The format of all the lines of ATOM and HETATM information is the same.

Columns $$1-6$$ identifies type as ATOM or HETATOM.

Columns $$8-11$$ contains the index number of the atom in the protein.

Columns $$4-16$$ is the atom type.

CA is carbon alpha; C the backbone carbon attached to the oxygen labelled O, and N is the backbone nitrogen. Therefore, only atoms with these labels are important in calculating the $$\phi$$ and $$\psi$$ torsion angles. The amino acid side chain atoms are labelled CB, CD, CZ, NH1, O1, N1 etc. depending upon the amino acid.

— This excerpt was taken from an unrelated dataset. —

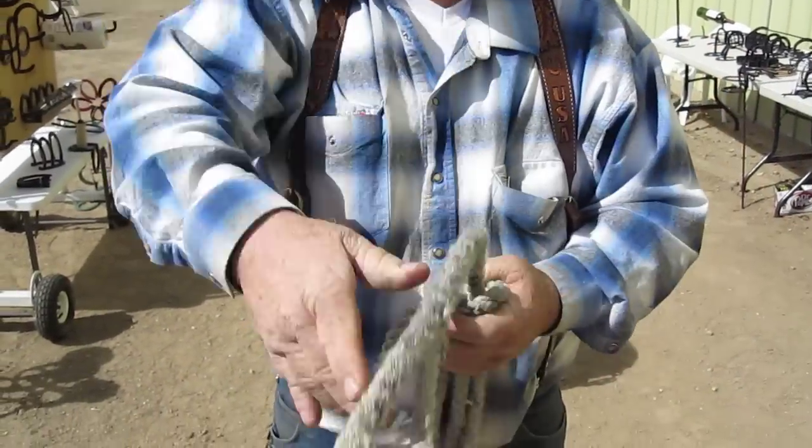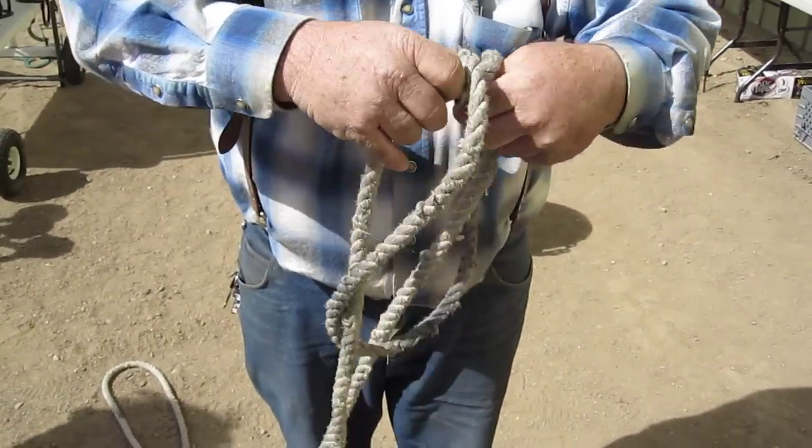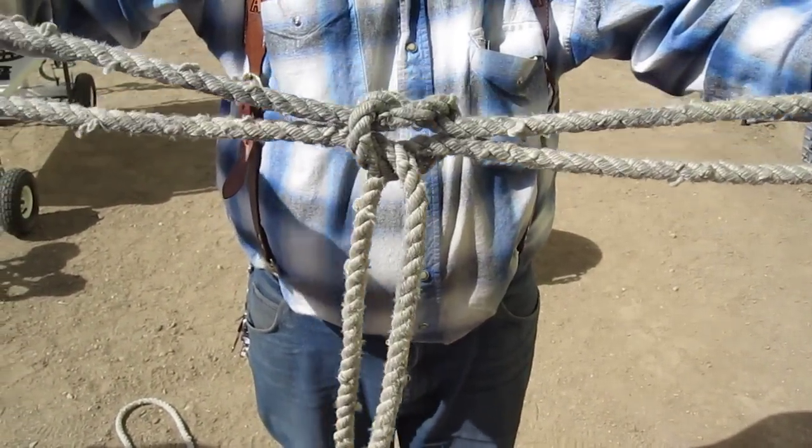Oh, my goodness. Not very hard at all. And what was the story behind this? Oh, it's an old Calvary Huffle knot. It's called the Tom Fool's knot, because damn near any tom fool can tie it.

In DNA, the sugar atoms are identified by a star in the order O5*, C5*, C4*, O4*, C3*, O3*, C2*, C1*. The bases are listed next and are identified by unstarred atoms. Phosphorus P is next, followed by its two oxygen atoms O1P and O2P.

Columns $$18-20$$ is a three-letter code identifying the amino acid or HOH for water. In DNA just one letter identifies the base C, G, A or T.

Column $$22$$ gives the letter indicating the amino acid chain A, B, C etc. In DNA, one chain is listed first then the other.

Columns 24–26 gives the number of the amino acid or nucleic acid base in the list.

Columns $$31-28, 39-46,47-54$$ are the x-, y-, and z-coordinates in angstrom. The x data starts on Column 31 and can be up to 8 characters including any minus sign and the decimal point. These values are usually less than $$\pm 40 \;\overset{o}A$$ because of the relatively small size of proteins.

Columns $$55-70$$ can be ignored.

Columns $$70-80$$. This varies but can be protein type or identification and/or data row number.